### ACTION ITEM:
The copy you return must match the listing word for word and carry no pictures.

━━━━━ SUPPLIED MATERIAL ━━━━━

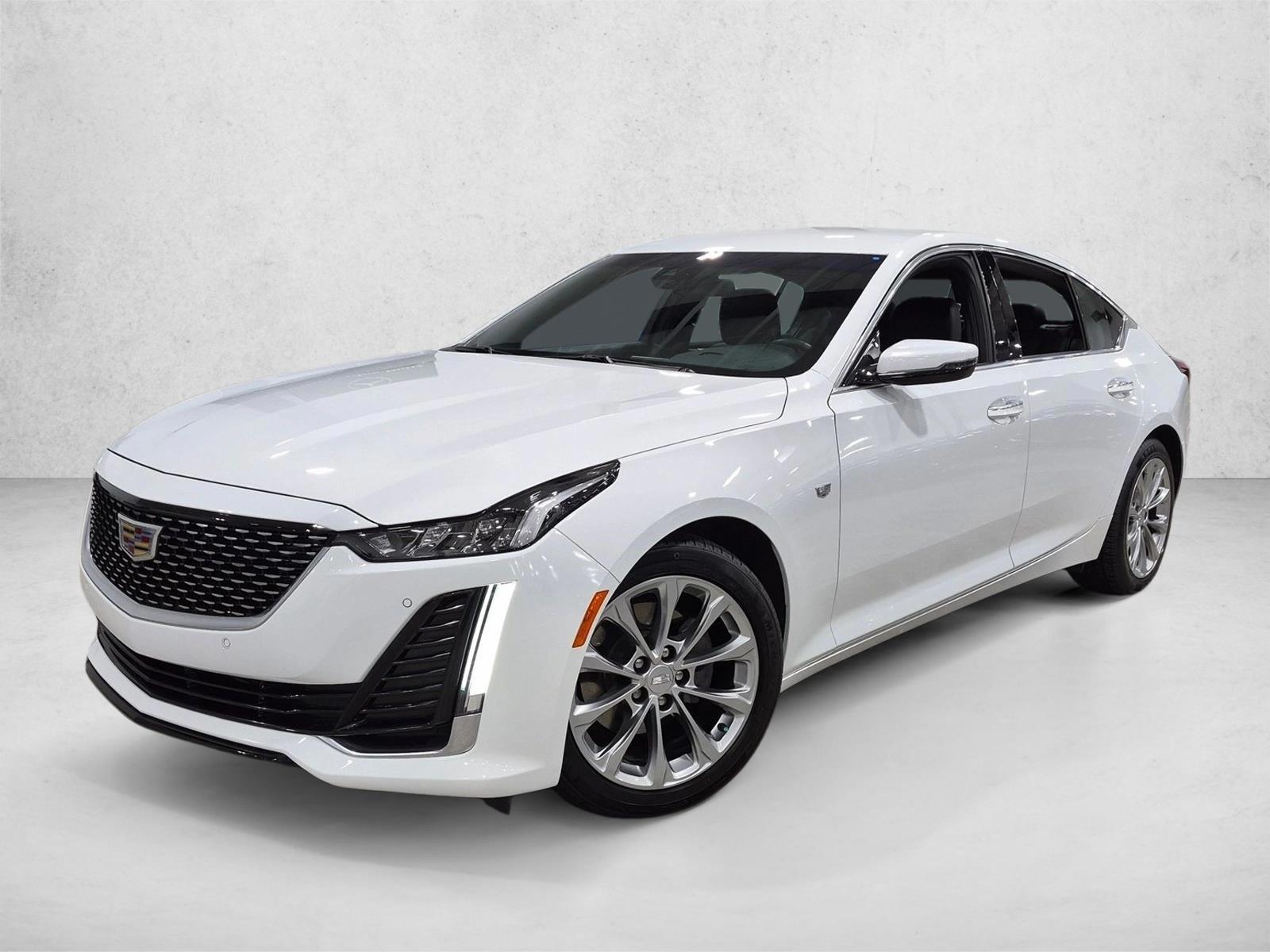 2022 Cadillac XT6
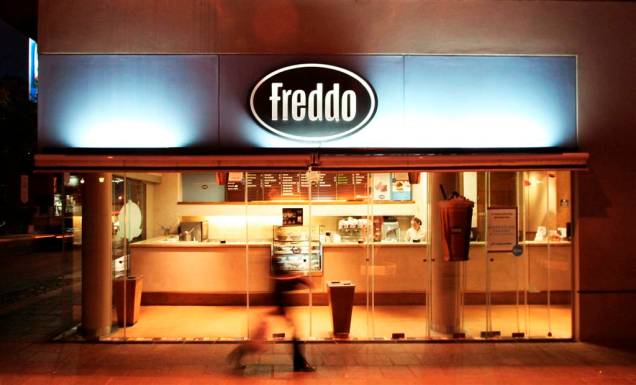 <strong>Heladeria Freddo</strong>A Freddo é uma das sorveterias mais conhecidas da cidade, com redes abertas inclusive no Brasil. Mas é claro: a experiência de provar de um dos seus <em>helados</em> na terra dos hermanos é totalmente diferente! O grande destaque aqui é o sorvete de doce de leite, de sabor inigualável. O de chocolate com amêndoas também não faz feio <strong>Heladeria Freddo</strong>A Freddo é uma das sorveterias mais conhecidas da cidade, com redes abertas inclusive no Brasil. Mas é claro: a experiência de provar de um dos seus <em>helados</em> na terra dos hermanos é totalmente diferente! O grande destaque aqui é o sorvete de doce de leite, de sabor inigualável. O de chocolate com amêndoas também não faz feio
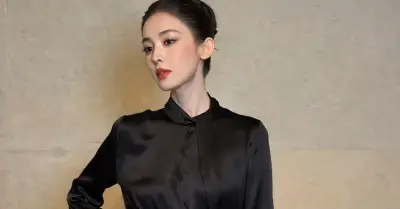 Cổ Lực Na Trát gây tranh cãi với trang phục không nội y tại sự kiện thời trang Thượng Hải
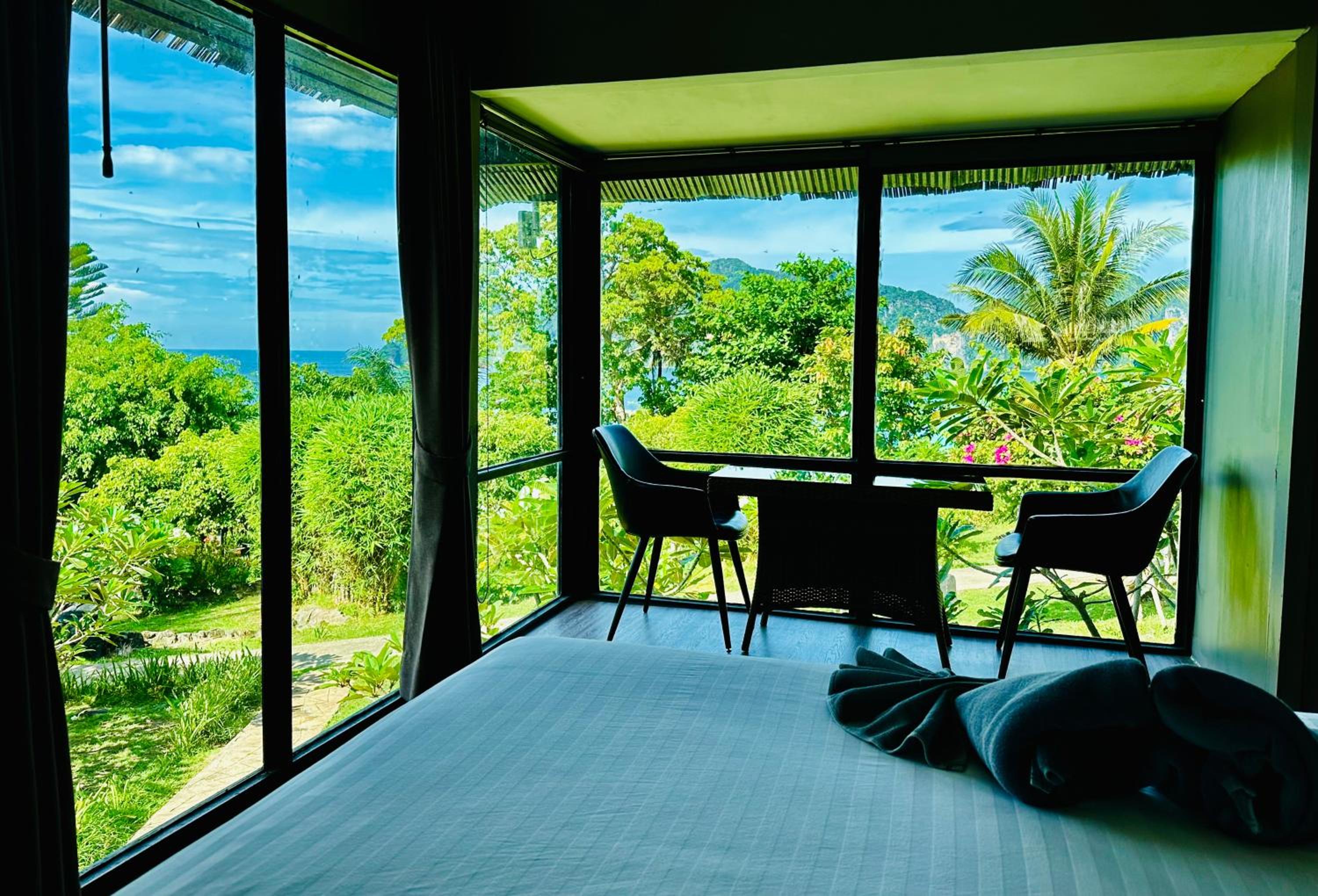 HIP Seaview Resort @ Phi Phi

━━━━━

### EXPECTED OUTPUT:
 2022 Cadillac XT6
 <strong>Heladeria Freddo</strong>A Freddo é uma das sorveterias mais conhecidas da cidade, com redes abertas inclusive no Brasil. Mas é claro: a experiência de provar de um dos seus <em>helados</em> na terra dos hermanos é totalmente diferente! O grande destaque aqui é o sorvete de doce de leite, de sabor inigualável. O de chocolate com amêndoas também não faz feio <strong>Heladeria Freddo</strong>A Freddo é uma das sorveterias mais conhecidas da cidade, com redes abertas inclusive no Brasil. Mas é claro: a experiência de provar de um dos seus <em>helados</em> na terra dos hermanos é totalmente diferente! O grande destaque aqui é o sorvete de doce de leite, de sabor inigualável. O de chocolate com amêndoas também não faz feio
 Cổ Lực Na Trát gây tranh cãi với trang phục không nội y tại sự kiện thời trang Thượng Hải
 HIP Seaview Resort @ Phi Phi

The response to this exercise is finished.